WHAT TO DO: The required answer is an exact copy of the lines from the one containing "Banco Musculación Banda" to the end of the listing, both included, without any pictures.
INFORMATION PROVIDED START
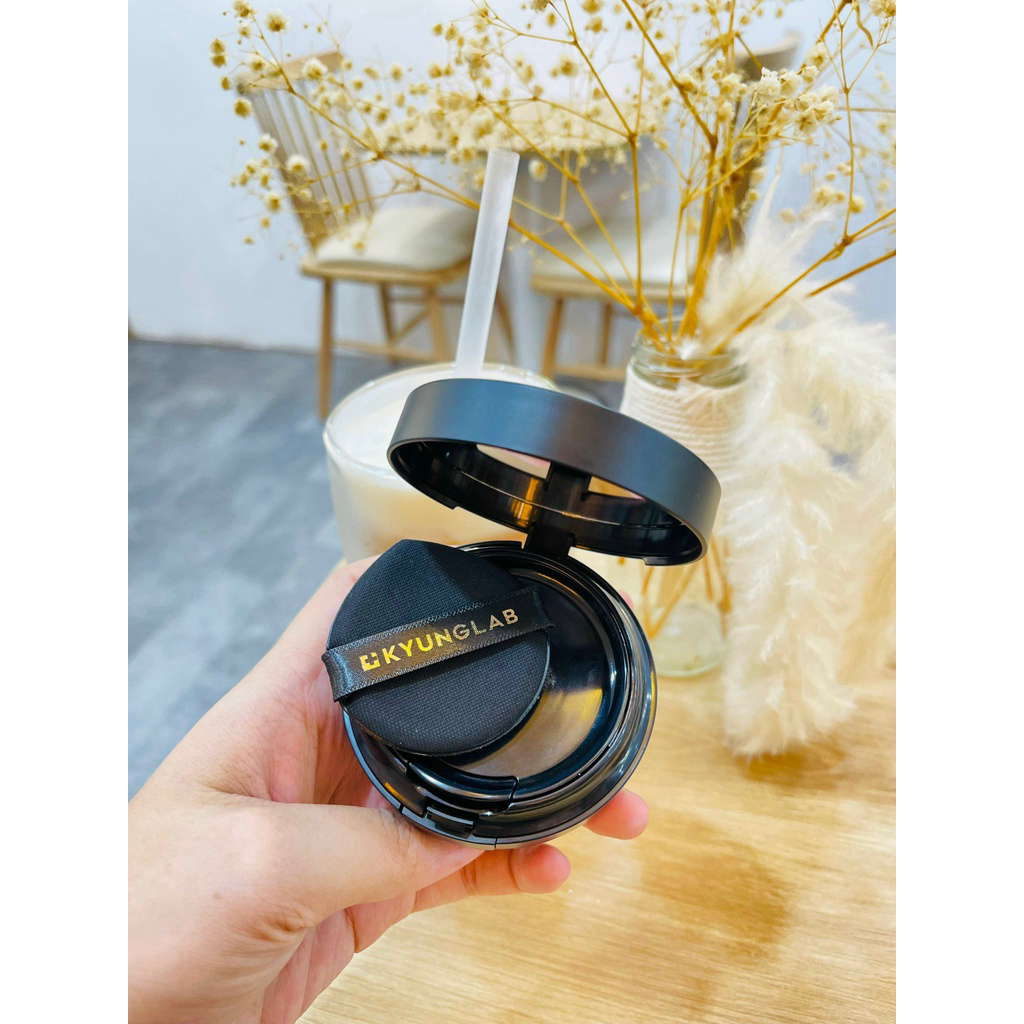 Phấn Nước Trang Điểm Kyung Lab Cushion Bio Cover Balm 15g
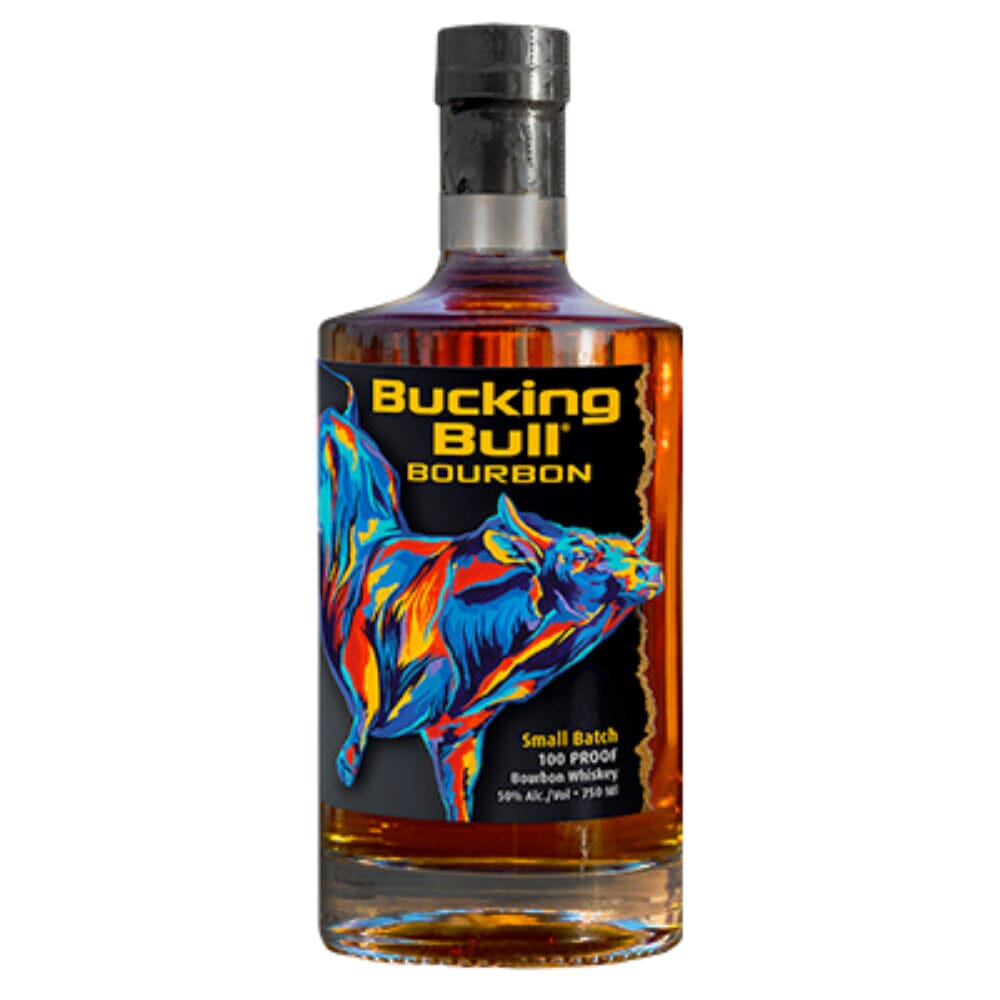 Bucking Bull Bourbon by Eric Nelsen Bourbon Bucking Bull Bourbon 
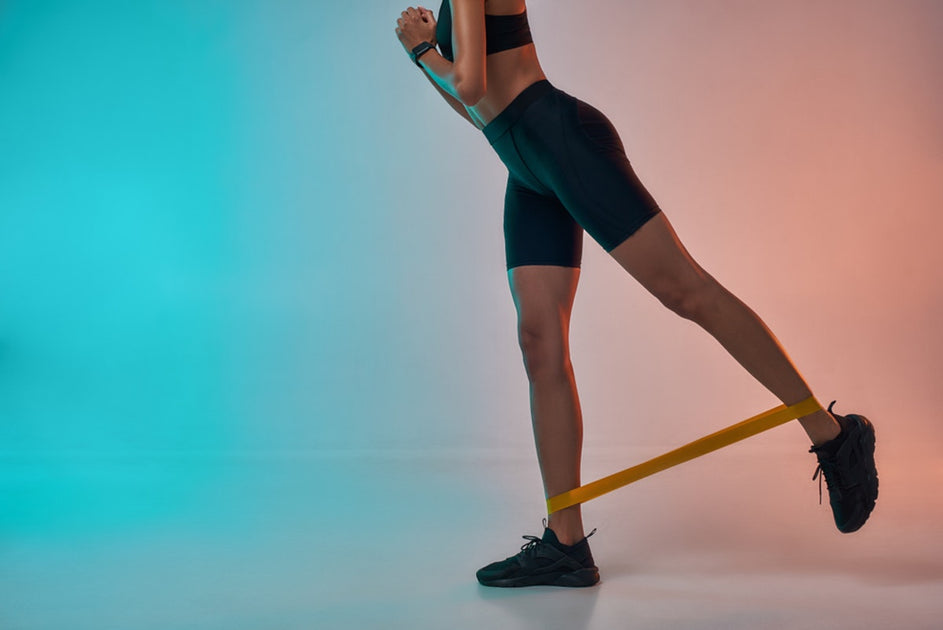 Banco Musculación Banda De Resistencia Para Press De Banca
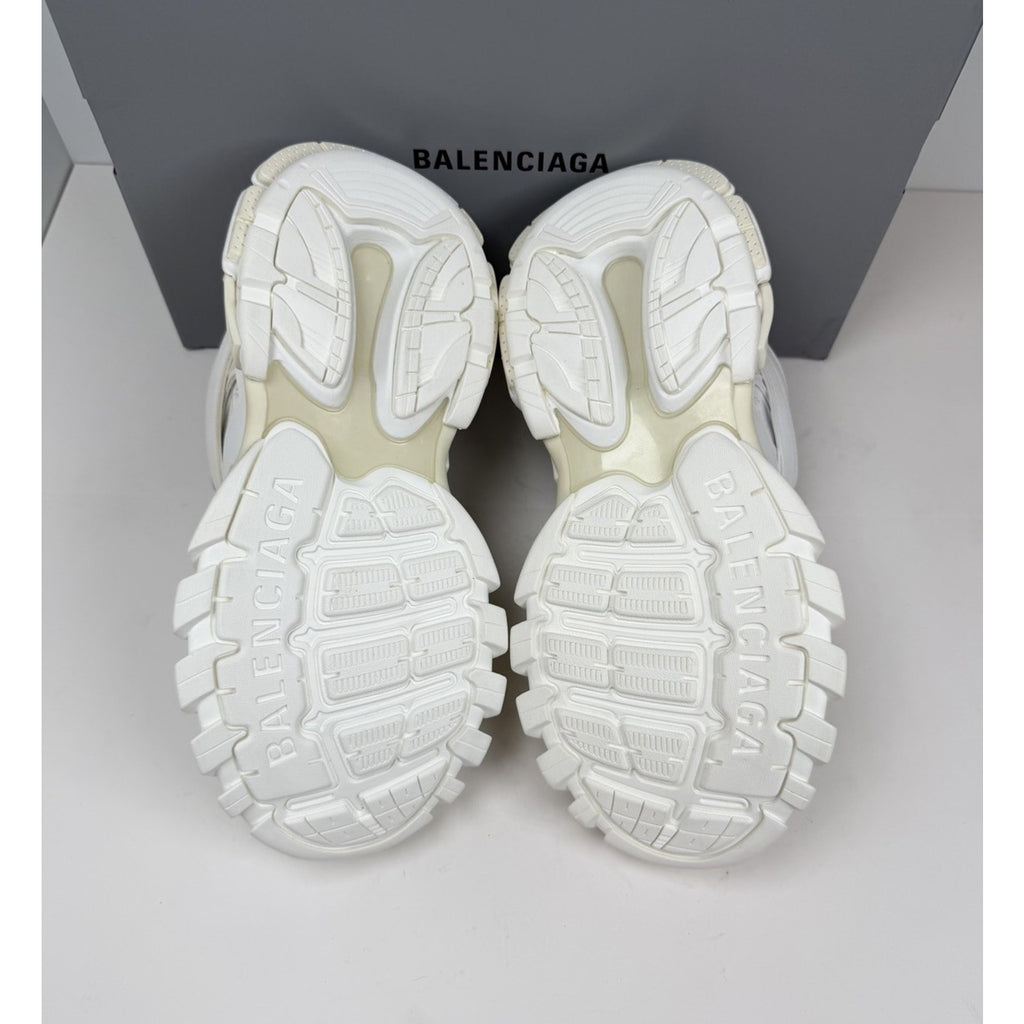 Size 40EU/7US - Balenciaga Track White NEW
INFORMATION PROVIDED END
WRITTEN ANSWER:
 Banco Musculación Banda De Resistencia Para Press De Banca
 Size 40EU/7US - Balenciaga Track White NEW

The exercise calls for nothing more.